CARBONEAR, N.L. — Changes are coming to The Compass, the newspaper and website based in Conception Bay North.
Regional president Lizzie Cramm announced last week that The Compass, which is owned by the Atlantic Canadian company SaltWire Network Inc., is adopting a new model of newspaper delivery.
Beginning with its July 4 edition, the Compass will shift from a subscription-based publication to a free, total market newspaper.
“This will achieve a significant increase in circulation,” Cramm said, “delivering the Compass into 10,000 households every single week.
“As the newspaper industry shifts,” she said, “we are evolving our own business model to focus on becoming more engaged with our communities and giving our journalists and our advertisers a chance to reach a much larger audience.”
The change will mean the closure of the Compass office on Water Street and, regrettably, the loss of one job at that location.
However, Cramm noted that editorial and advertising sales teams remain in place, continuing to cover the news and events in the area, and providing a strong advertising platform for local businesses.
“The closing of the physical location,” said Cramm, “is merely the result of changing technologies that allow our sales and editorial teams to be more mobile in our communities.”
The Compass will also continue to maintain its website (www.cbncompass.ca) and social media platforms to offer up news content and provide a means for the community to connect with the Compass sales and editorial staff.
She assured the Compass will maintain its high standards of journalism, and SaltWire Network Inc. remains committed to strong local coverage and editorial content.

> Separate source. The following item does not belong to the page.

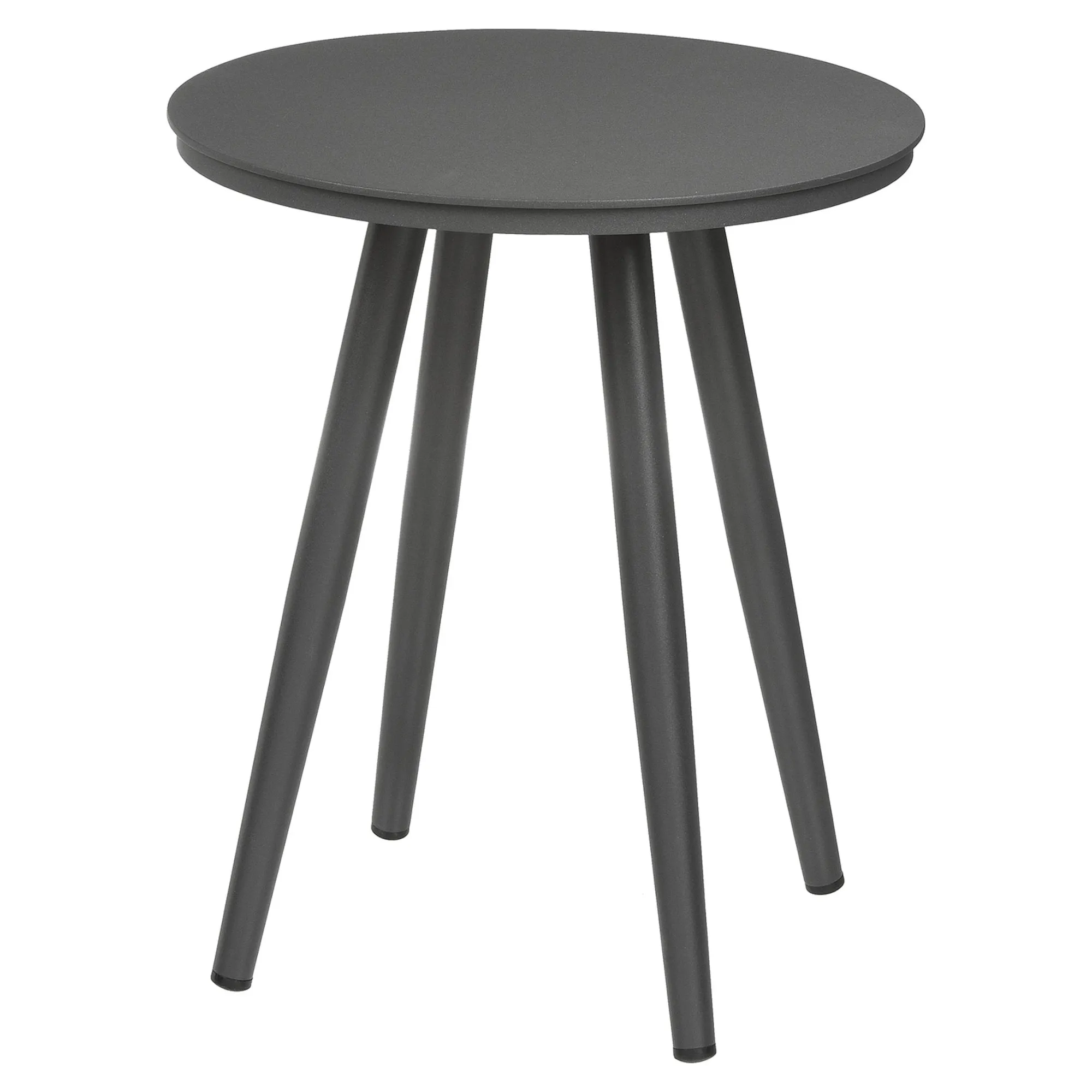 Best Sale Table D'Appoint D'Exterieur Fabio Meubles De Jardin & De Balcon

“With this shift we will welcome more local content, providing space in The Compass for local groups and communities to share their messages with a wider audience.”
Just last week the Compass earned a Newspapers Atlantic Award for General Excellence, the latest of many accolades collected by the news team over the years.

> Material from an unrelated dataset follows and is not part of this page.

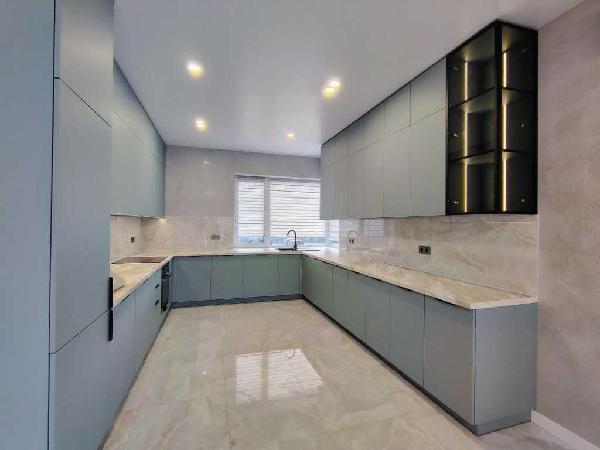 будинок продам село Путрівка, фото 4 з 24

SaltWire remains dedicated to strong journalism and coverage of local communities, said Cramm.
The editorial staff will be mobile, and will continue to be visible in the community as they cover local events and issues.
Overall, she said, it’s a positive move for this well-established local newspaper, a move that ensures the local community will continue to have a medium for local news and information.
“We’re spreading the community message, making sure your stories and your ads will be seen by more people.”